Kyle Van Noy shocked the Rams didn’t change strategies
Patriots linebacker Kyle Van Noy expressed astonishment that the Los Angeles Rams didn’t vary up their tactics against New England in the Super Bowl.
Sean McVay, head coach of the Los Angeles Rams, is widely seen as an offensive mastermind and even a young “boy genius” amongst his peers. He inherited a mediocre football team from a mediocre head coach in Jeff Fisher, and in less than two years, brought that team ever so close to winning its first Super Bowl championship in nearly two decades.
Kyle Van Noy, middle linebacker for the New England Patriots, might respect McVay and all that he’s done in revolutionizing the Rams, but he’s still genuinely surprised at what he saw on the field in Super Bowl 53.
"“They really didn’t do not (sic) one wrinkle. I was like, ‘What the hell?’ They’ve got so many good players, they’ve got so many things they’ve done all year, and the one play they gave us which was a wrinkle was the [Brandin] Cooks screen that hit for a little bit. And that was it,” Van Noy opined during a podcast interview on Pardon My Take. “We pride ourselves on watching hella film, that’s for sure. Coaches set us up for success, and players do as well. We’ve got elite football players. We don’t got any prima donnas, which is nice.”"
Indeed, the Patriots’ defensive performance in Atlanta was particularly impressive when considering its relative lack of star power. Stephon Gilmore at cornerback was the only Pro Bowl-caliber player this season. Safety Devin McCourty and linebacker Dont’a Hightower are certainly both fine players in their own rights, and Van Noy emerged in 2018 as the veritable heart and soul of this Patriots defense.
Still, most objective observers would agree that at least on paper, the Patriots didn’t even have the most talented or dominant defense on the field coming into the Super Bowl. The Rams, led by veteran play-caller and former head coach Wade Phillips, boast a defensive nucleus of household names like Aaron Donald, Ndamukong Suh, Aqib Talib, Marcus Peters, Dante Fowler, etc.

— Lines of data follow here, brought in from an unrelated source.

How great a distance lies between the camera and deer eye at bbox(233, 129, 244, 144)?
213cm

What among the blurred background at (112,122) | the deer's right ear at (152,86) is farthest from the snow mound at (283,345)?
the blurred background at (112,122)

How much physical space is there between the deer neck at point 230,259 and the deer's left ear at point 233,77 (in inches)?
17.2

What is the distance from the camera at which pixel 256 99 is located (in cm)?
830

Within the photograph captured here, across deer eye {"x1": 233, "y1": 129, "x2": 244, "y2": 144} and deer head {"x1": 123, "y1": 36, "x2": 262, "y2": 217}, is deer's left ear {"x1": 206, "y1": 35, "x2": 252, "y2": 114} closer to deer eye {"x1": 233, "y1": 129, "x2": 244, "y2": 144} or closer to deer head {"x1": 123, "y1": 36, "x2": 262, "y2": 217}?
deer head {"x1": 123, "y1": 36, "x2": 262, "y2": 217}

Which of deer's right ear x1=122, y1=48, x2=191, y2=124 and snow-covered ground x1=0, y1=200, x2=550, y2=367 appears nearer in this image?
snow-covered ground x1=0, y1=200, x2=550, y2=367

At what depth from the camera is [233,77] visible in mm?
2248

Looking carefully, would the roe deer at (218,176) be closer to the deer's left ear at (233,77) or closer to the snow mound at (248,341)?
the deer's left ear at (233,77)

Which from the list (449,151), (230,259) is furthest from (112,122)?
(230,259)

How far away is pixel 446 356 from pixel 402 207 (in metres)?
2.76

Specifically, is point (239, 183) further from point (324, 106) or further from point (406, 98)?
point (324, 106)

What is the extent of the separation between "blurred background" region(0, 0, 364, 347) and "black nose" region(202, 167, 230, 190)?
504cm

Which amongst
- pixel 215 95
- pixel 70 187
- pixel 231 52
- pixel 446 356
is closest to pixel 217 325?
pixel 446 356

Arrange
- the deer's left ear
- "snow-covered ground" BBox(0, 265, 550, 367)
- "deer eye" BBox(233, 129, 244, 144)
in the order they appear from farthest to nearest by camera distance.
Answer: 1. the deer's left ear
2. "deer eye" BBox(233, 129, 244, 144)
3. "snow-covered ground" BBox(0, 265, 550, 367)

And yet it was the Patriots on Super Bowl Sunday that proved themselves truly super, holding the NFL’s second-ranked offense to just three points on the night. If Van Noy is to be believed, New England deserves as much credit for executing their game plan to perfection as the Rams deserve blame for not altering their plans once it became clear they weren’t working.
“Maybe… we were playing so good they were like, ‘S—, we don’t know what to do,” Van Noy added as a possible explanation. He has every right to bask in the glow of victory, but Rams fans everywhere must still be wondering why McVay – for all his accolades and achievements – didn’t at least try something new in the second half.